__YOUR ASSIGNMENT__:
Leave the pictures in the listing below aside and reproduce exactly the lines starting with the one with "Next we are" and going on through the one with "In the numerator, we", both ends included.
━━ INFORMATION PROVIDED
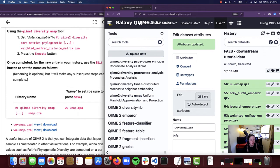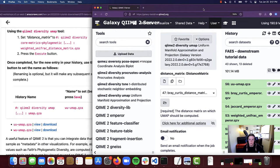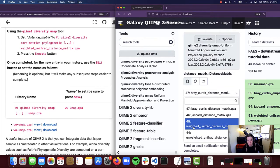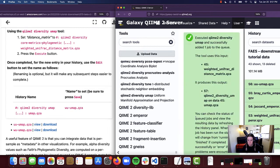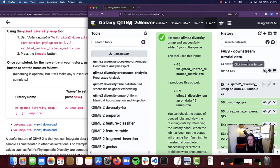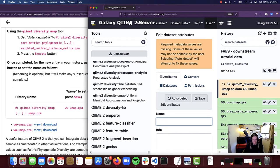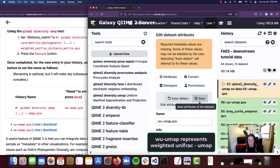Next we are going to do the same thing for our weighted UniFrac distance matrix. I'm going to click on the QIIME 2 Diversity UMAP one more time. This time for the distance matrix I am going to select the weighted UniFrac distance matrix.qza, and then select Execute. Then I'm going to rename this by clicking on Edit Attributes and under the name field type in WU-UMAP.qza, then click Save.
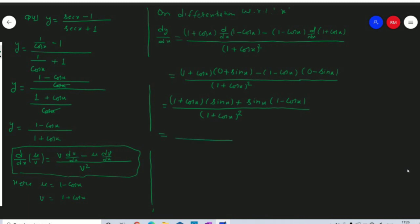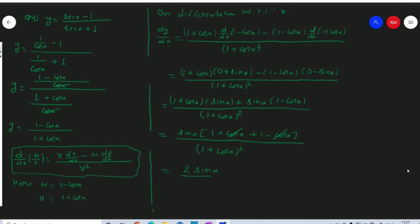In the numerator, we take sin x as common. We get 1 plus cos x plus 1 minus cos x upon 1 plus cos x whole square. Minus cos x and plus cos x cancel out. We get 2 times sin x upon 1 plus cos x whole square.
━━━━
━━ INFORMATION PROVIDED
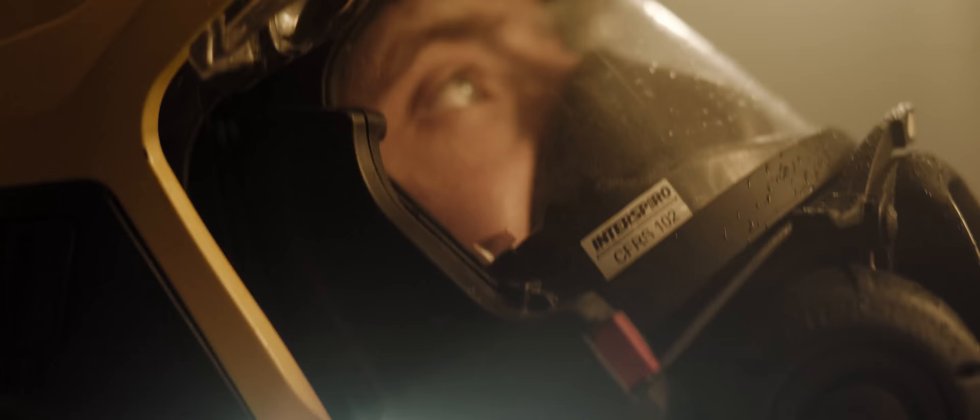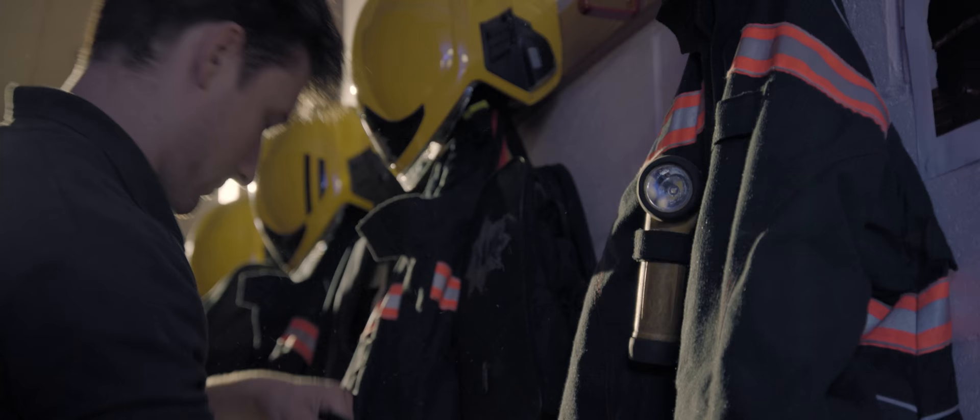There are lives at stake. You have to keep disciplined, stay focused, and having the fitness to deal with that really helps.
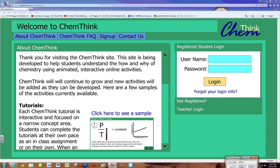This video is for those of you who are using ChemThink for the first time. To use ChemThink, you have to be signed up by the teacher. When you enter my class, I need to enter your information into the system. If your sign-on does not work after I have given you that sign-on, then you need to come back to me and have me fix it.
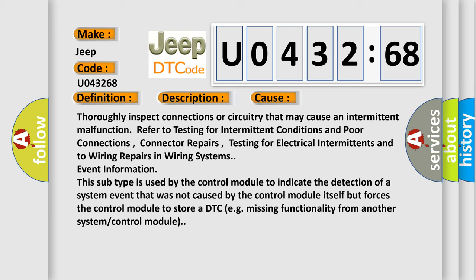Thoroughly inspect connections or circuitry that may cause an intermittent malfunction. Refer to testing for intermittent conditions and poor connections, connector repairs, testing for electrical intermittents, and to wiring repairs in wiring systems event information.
━━━━
__RESPONSE TO THIS TASK__:
Next we are going to do the same thing for our weighted UniFrac distance matrix. I'm going to click on the QIIME 2 Diversity UMAP one more time. This time for the distance matrix I am going to select the weighted UniFrac distance matrix.qza, and then select Execute. Then I'm going to rename this by clicking on Edit Attributes and under the name field type in WU-UMAP.qza, then click Save.
In the numerator, we take sin x as common. We get 1 plus cos x plus 1 minus cos x upon 1 plus cos x whole square. Minus cos x and plus cos x cancel out. We get 2 times sin x upon 1 plus cos x whole square.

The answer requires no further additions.